Like everyone else is saying, no Spyder that I know of upshifts automatically, the RT-S SE6 will auto downshift for you. I have found that shifting up to 2nd gear is best between 3100-3600 RPM and shifting to 3rd, 4th, 5th and 6th it likes it between 3500-3800 RPM but that is just my machine. Reverse you press brake and press the R button all the way down and down shift. Have fun!!
 
I know I am not going nuts (at least not quickly anyway) but I insist I had read somewhere that upshifts on the SE6 happened automatically. I could have read it wrong because the owners manual doesn't mention automatic upshifting at all.

Now, for some other observations:

This thing downshifts like a logging truck. Can't believe the clash and thud that comes along with automatic downshifting (or shifting into reverse). I also got surprised at the sudden freewheeling that occurs just before it downshifts into 1st. I can't wait to see the wifey's face the first time she experiences that. Makes me wish I had opted for the SM6.

As far as closing the throttle on upshifts - I have tried it both ways and much prefer me doing the throttle adjusting as opposed to the nanny doing it. Much MUCH smoother!

I did about ten miles at speed on the urban Interstate today and noticed the twitchyness. I relaxed on the bars and the trike continued to twitch back and forth but never seemed to lose direction. Definitely different than my last Wing.
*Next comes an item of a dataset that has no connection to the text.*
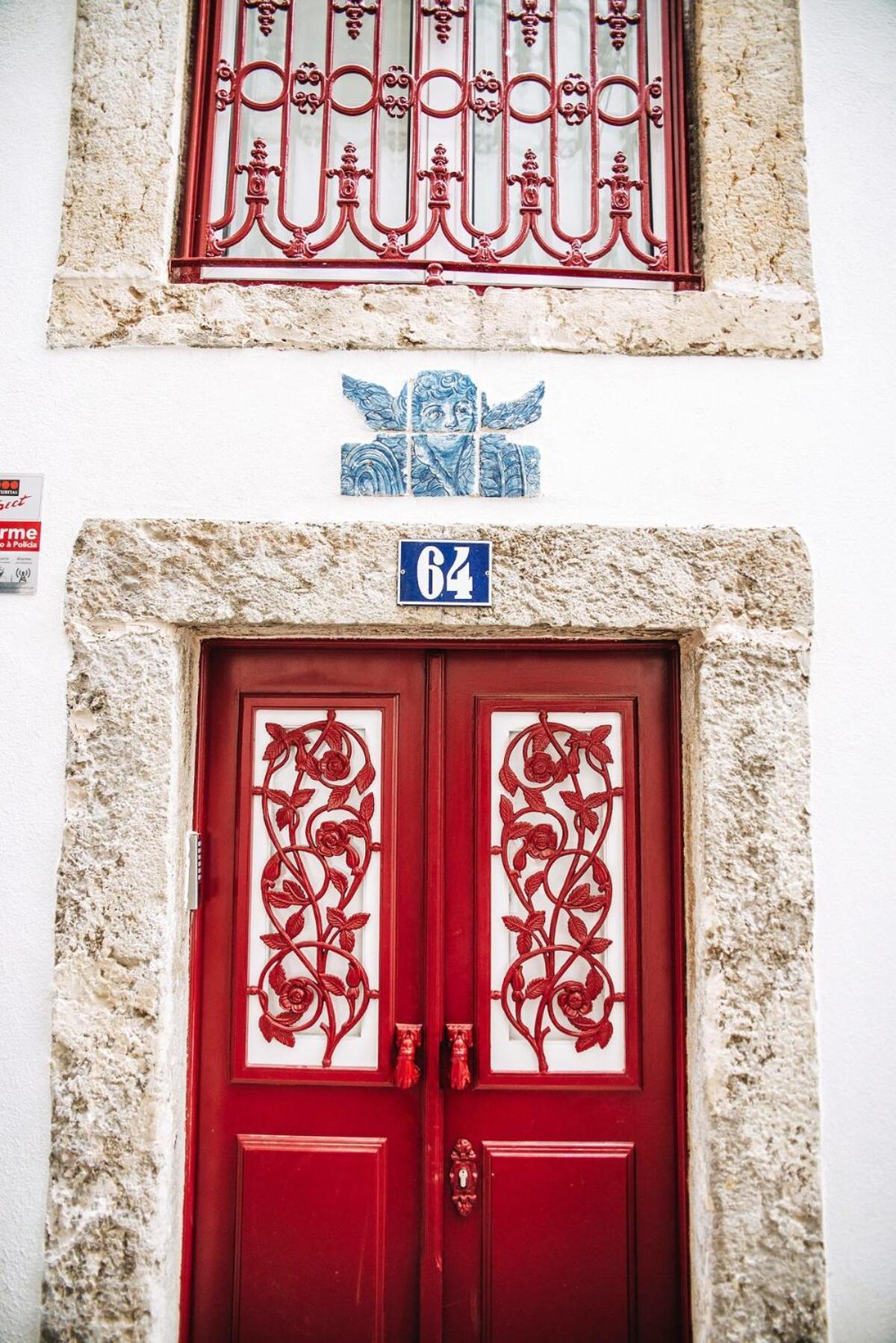 Exquisite With Patio Portuguese Soul Alfama 2p Apartment Lissabon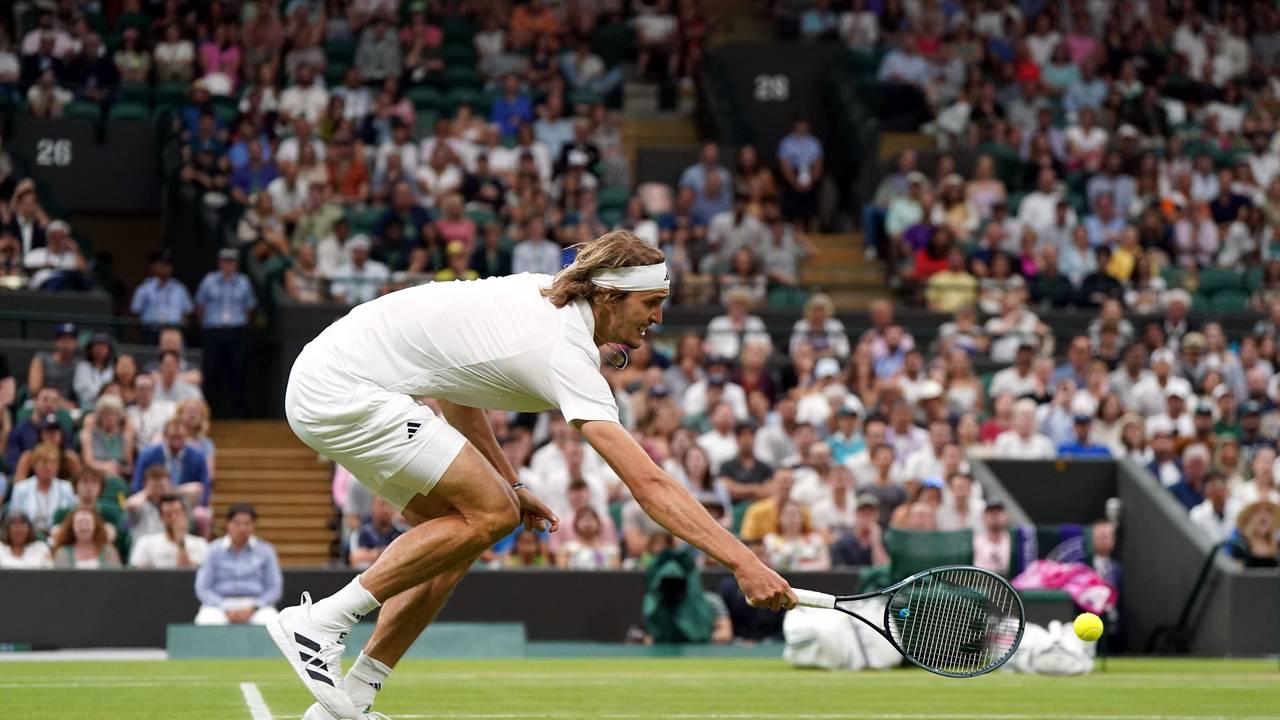Alexander Zverev streckt sich, um einen Ball im Wimbledon-Match gegen Matteo Berettini noch zu erreichen.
Also, unlike the Wing is cornering. If you don't slide your weight into a turn the G forces will grab you. This is the same exact technique used on standard 3-wheel ATC's so not new to me. The cage drivers following me might have thought I was about to launch a race though. :) Again, the passenger will be surprised if he/she doesn't also shift their weight (which is not required on a two-wheel bike).
 
You can ride like an SM6 and downshift yourself. You will get used to the automatic downshift after a while because you expect it, now it just surprises you. Shifting into Reverse and 1st there's always a loud thud.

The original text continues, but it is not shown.